Work to be completed>
Starting with the first line below, extract each line through the one that contains "Elsie Heritage Blue", inclusive, excluding pictures.

Data to examine>
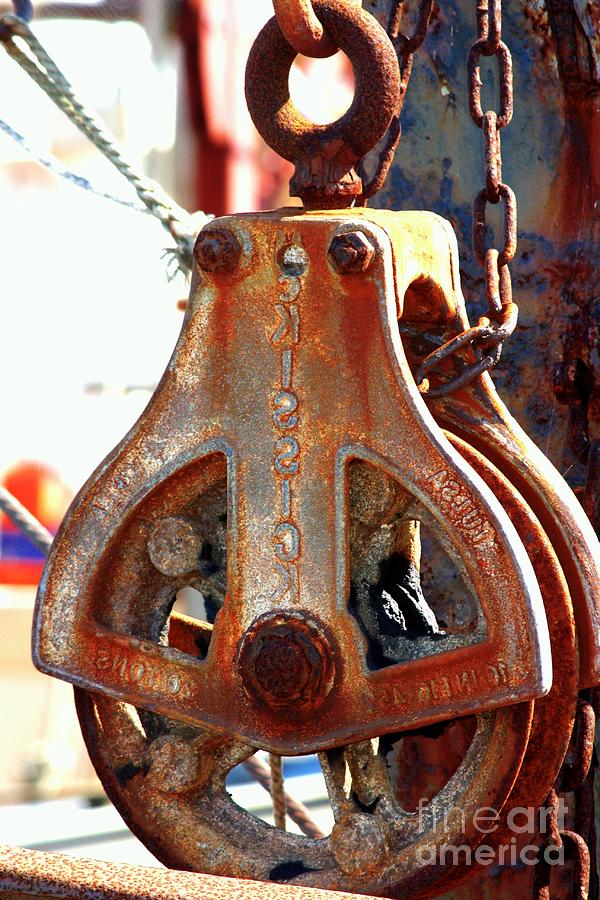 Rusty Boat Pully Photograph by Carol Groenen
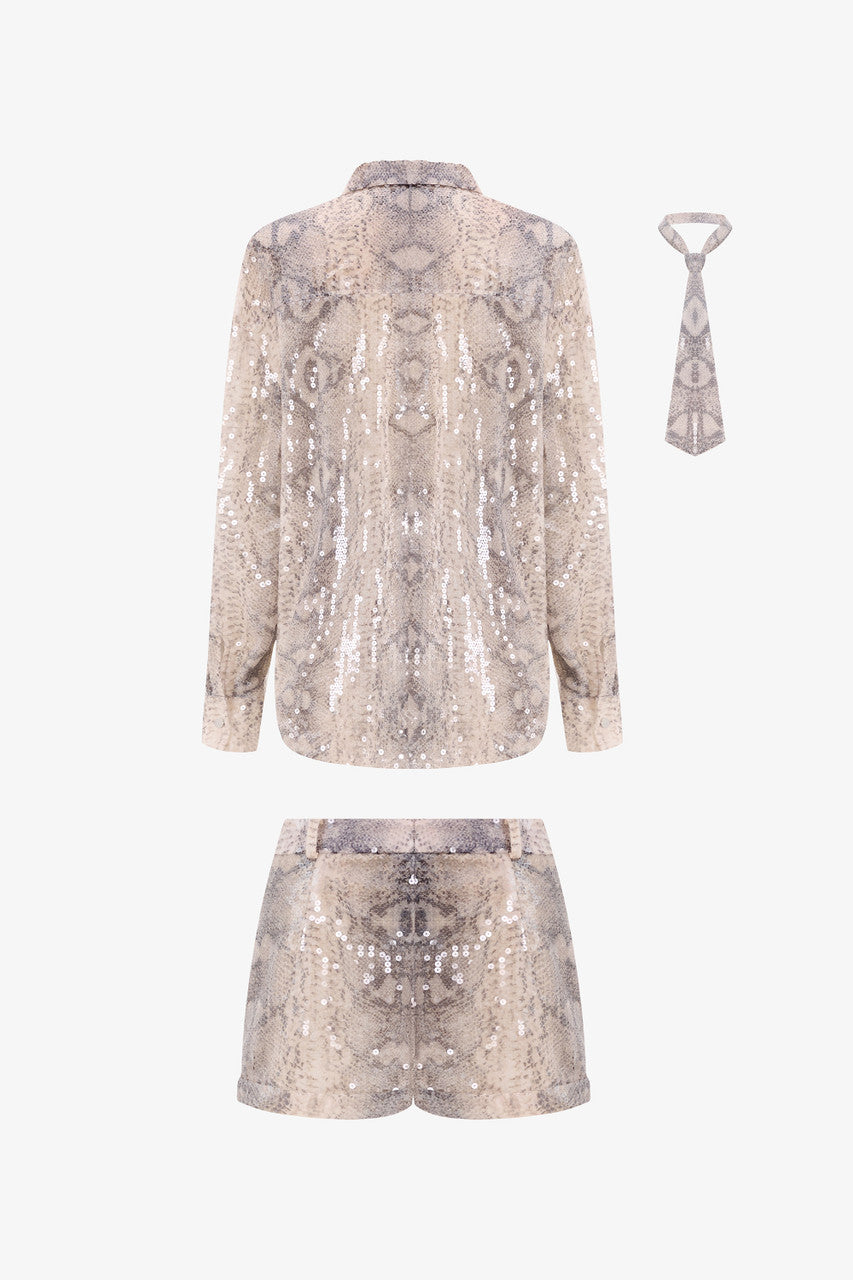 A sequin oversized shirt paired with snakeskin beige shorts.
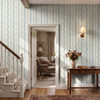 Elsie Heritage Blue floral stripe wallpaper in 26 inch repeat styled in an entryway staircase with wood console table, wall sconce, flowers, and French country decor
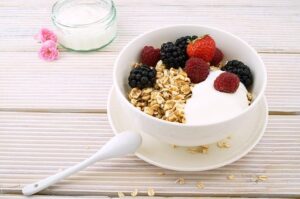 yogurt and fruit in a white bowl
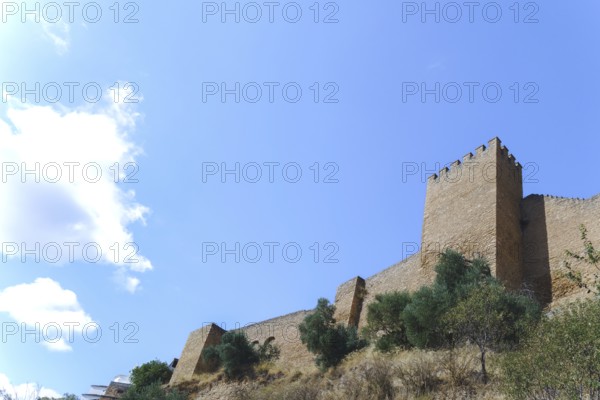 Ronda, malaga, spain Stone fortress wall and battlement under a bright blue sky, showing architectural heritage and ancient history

The completed task>
 Rusty Boat Pully Photograph by Carol Groenen
 A sequin oversized shirt paired with snakeskin beige shorts.
 Elsie Heritage Blue floral stripe wallpaper in 26 inch repeat styled in an entryway staircase with wood console table, wall sconce, flowers, and French country decor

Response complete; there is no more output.